» **WORK REQUEST**
Give the lines again exactly as they appear below, from the line with "Pandora Style Silver" to the line with "Абонентское обслуживание кровли", both included, and only those lines. Leave every picture out.

SUPPLIED RECORDS Block Start

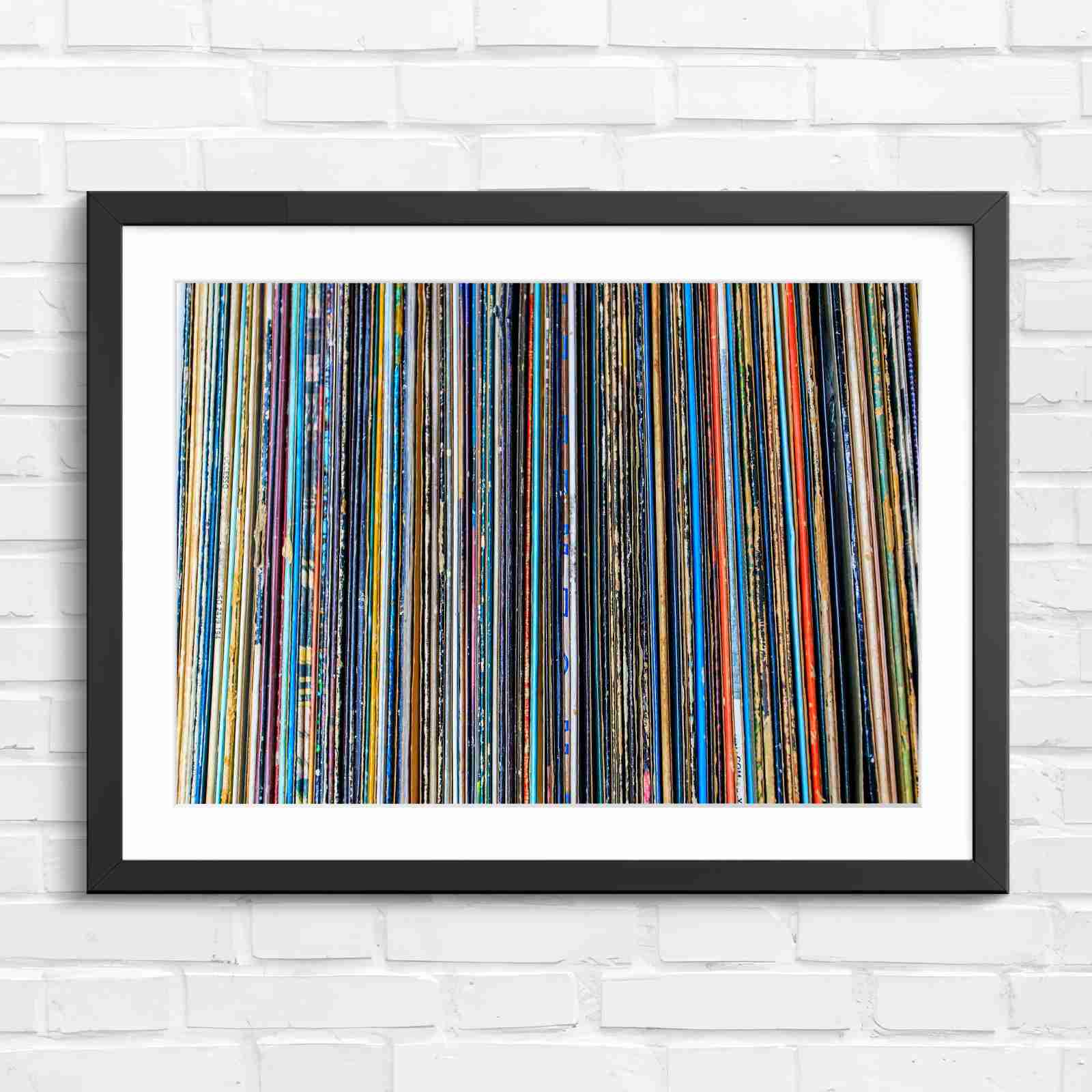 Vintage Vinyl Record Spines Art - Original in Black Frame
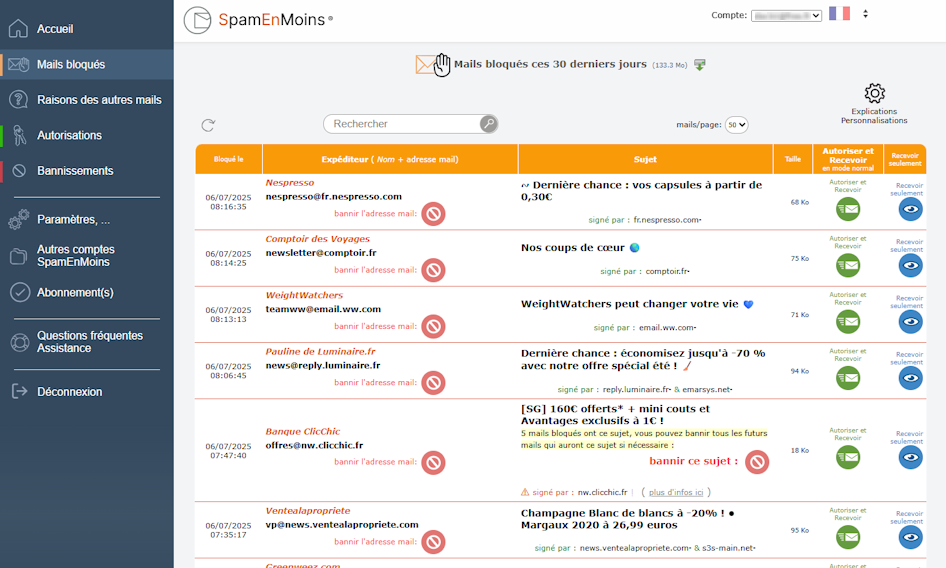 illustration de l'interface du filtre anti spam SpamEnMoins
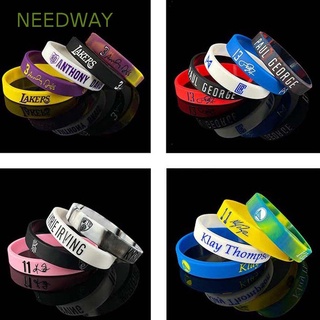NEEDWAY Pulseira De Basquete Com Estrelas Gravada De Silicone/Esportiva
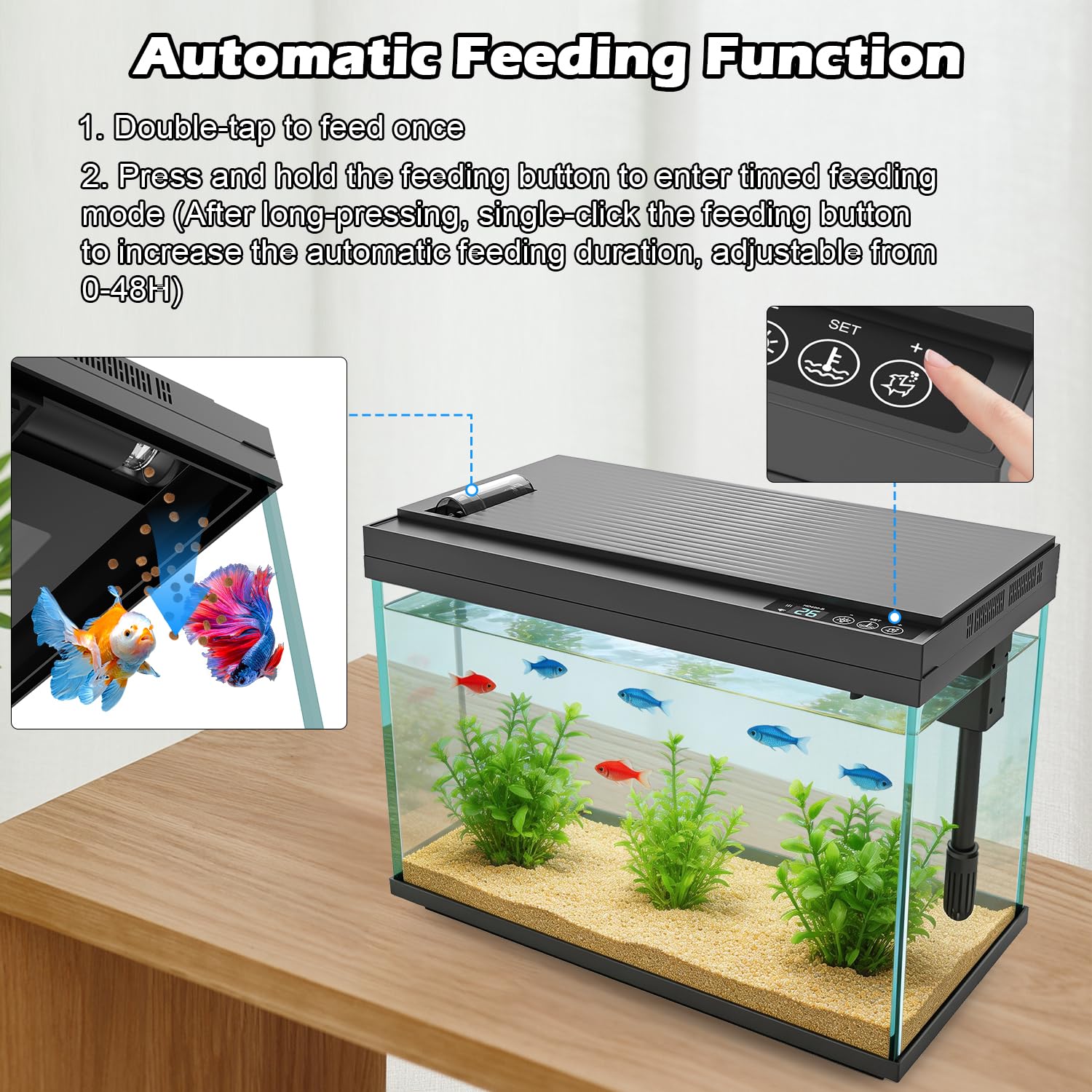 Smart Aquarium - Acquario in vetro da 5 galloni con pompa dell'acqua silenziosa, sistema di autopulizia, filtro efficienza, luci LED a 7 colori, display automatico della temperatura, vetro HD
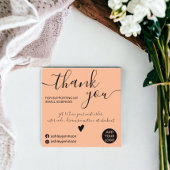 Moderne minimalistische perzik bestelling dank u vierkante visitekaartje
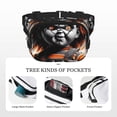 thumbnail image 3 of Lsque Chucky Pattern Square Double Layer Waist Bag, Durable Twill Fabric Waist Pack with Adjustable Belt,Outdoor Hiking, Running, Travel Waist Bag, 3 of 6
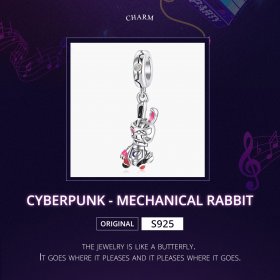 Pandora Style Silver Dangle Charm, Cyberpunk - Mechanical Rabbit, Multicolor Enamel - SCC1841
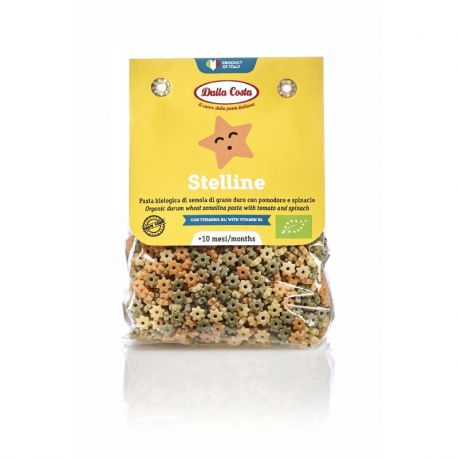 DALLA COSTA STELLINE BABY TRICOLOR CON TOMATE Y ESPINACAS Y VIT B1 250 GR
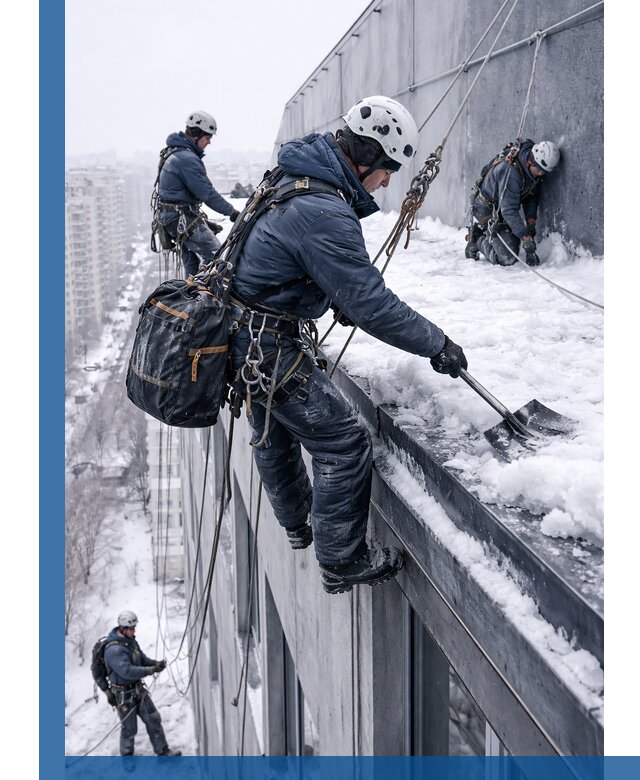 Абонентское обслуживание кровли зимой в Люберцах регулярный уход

SUPPLIED RECORDS Block End
SUPPLIED RECORDS Block Start

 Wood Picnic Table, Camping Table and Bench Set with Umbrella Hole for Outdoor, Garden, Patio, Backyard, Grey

SUPPLIED RECORDS Block End

» **YOUR RESPONSE**
 Pandora Style Silver Dangle Charm, Cyberpunk - Mechanical Rabbit, Multicolor Enamel - SCC1841
 DALLA COSTA STELLINE BABY TRICOLOR CON TOMATE Y ESPINACAS Y VIT B1 250 GR
 Абонентское обслуживание кровли зимой в Люберцах регулярный уход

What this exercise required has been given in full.